One viable and overlooked option is moving Barrantes back to CB, and starting Esteban Rodriguez in midfield. Four years Barrantes’ junior, Rodriguez is capable of covering far more ground in transition. His passing spectrum isn’t half of Barrantes’, but that is mitigated with Torres alongside him in midfield.
Regardless of where he starts, Barrantes is the engine that makes Saprissa go. At 36, he doesn’t have many title runs left in him. It’s vital that he makes the most of this one.
Battle to Watch
Jose Salvatierra is going to have a long series.
As if battling Johan Venegas wasn’t daunting enough a task, it’s the resurgence of Byron Bonilla that’s sure to cause him fits.
The Nicaraguan winger has really come into form as of late. He was a catalyst in the first leg of the semifinals against Cartagines. Shortly after coming on, Bonilla contributed to two goals in seven minutes. He predominantly features down the left side of Saprissa’s attack, but isn’t likely to start.
Centeno prefers to bring him on as a change of pace.

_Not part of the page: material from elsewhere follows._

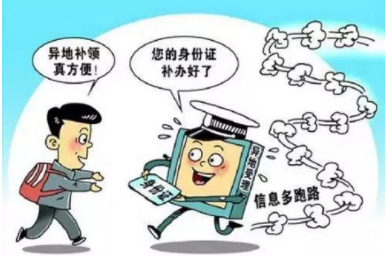 1543913149828002416.png image.png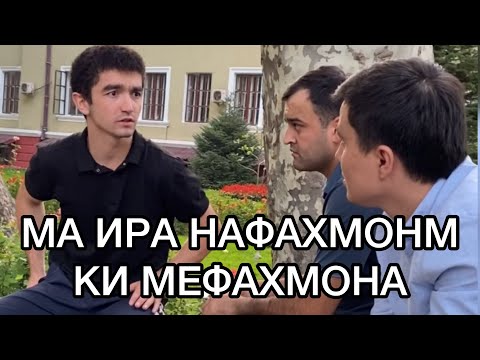 Видео: Jonik rv | Видеои Нави Чоник Ма Ира Нафахмонм Ира Дига ки Мефахмона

With tired legs, that’s the last thing Salvatierra wants to deal with. If he can successfully burden the load, however, Alajuelense wins a significant battle.
Alajuelense is in better form, but Saprissa is the better team.
Besides, form is fallacy.
The first leg should tilt in Alajuelense’s favor, but Saprissa will get the away goal it needs. You don’t average almost two goals per game over the course of a season (1.8) and suddenly go dry.
The return leg being played at Estadio Ricardo Saprissa carries significant weight as well.
El Monstruo only lost one game at home all season. Ironically enough, it was last Wednesday—a 2-3 loss to Cartagines. Toss that aside. You can afford to not care when you start the match up 4-0 on aggregate.
Saprissa will care come Monday. No. 35 gets lifted in La Cueva.